If you can exclude all the gain, then you owe no taxes.
To arrive at your gain amount, you first must establish
your basis in the home. For most people, says Trinz, this is what
you paid for the residence and all capital improvements you've made,
such as adding a room or finishing a basement. Also, if you sold
a residence prior to the 1997 law change and rolled the profit into
the home you're now selling, you must account for that rollover
amount; your basis will decrease by the amount of gain you postponed
years ago.
"Then you compare that basis amount to what you
get from the sale, less your commissions and other expenses,"
says Trinz. "When you subtract your cost basis in the residence,
this will give you the amount of gain on the sale."
In most instances, sellers will find they made a nice
profit, but not one large enough to trigger a tax bill.
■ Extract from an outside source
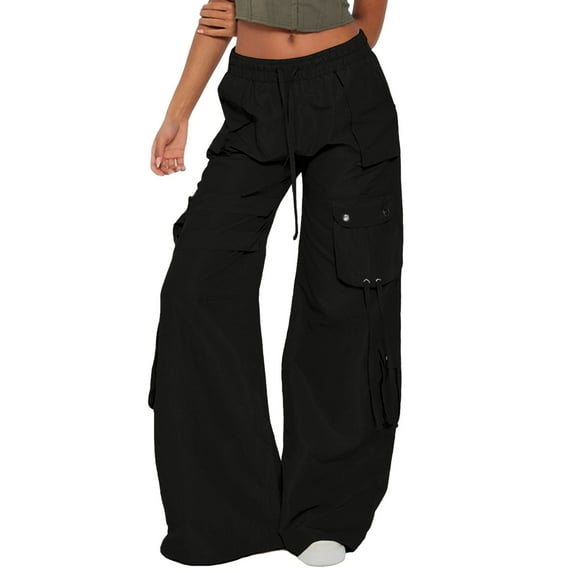 Women High Waist Cargo Pants Casual Pocket Tie Solid Color Cargo Pants Wide Leg Pants Womens Pants for Work Casual Slim Fit Pants for Women Casual Womens Pants Petite Casual Womens Stretchy Pants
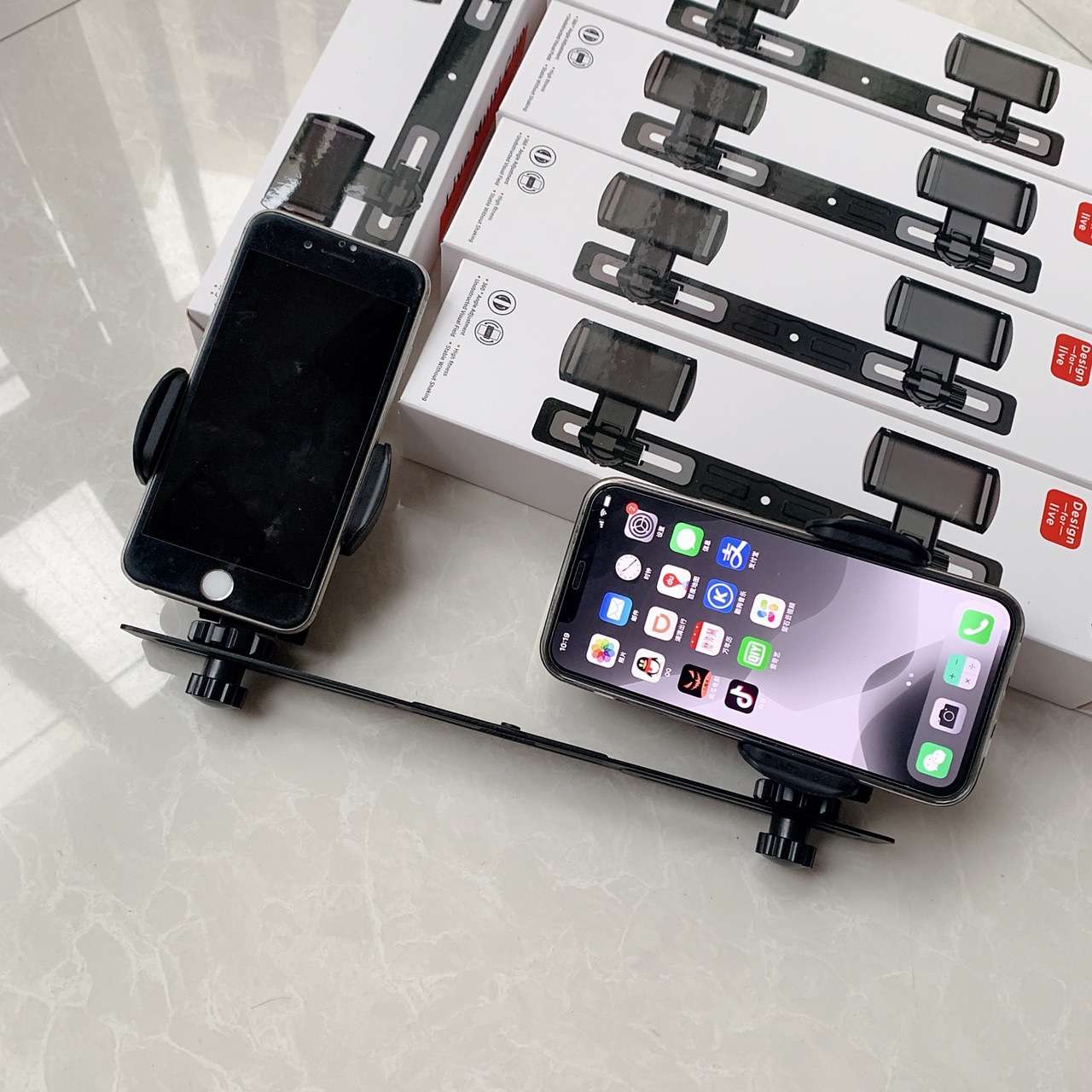 Private mold cross-border live streaming tripod stand accessories, multi-position clamp, one-line stand, crossbar, metal rotating mobile phone stand detail image 8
Some, however,
could find their residences appreciated so much that the great sales
prices they got ended up costing them at tax time. That's why it's
important to accurately track anything
that could affect your home basis.
"In 1997 when this law first changed, there was
a lot of talk about how you no longer have to keep records of home
basis improvements, but the way the home prices have escalated you're
probably safer in keeping those records," says Luscombe. "The
improvements increase your basis, so a smaller portion of the selling
price would be viewed as gain. Any overage is taxed at the [applicable
long-term] capital gains rate of 15 percent or 5 percent.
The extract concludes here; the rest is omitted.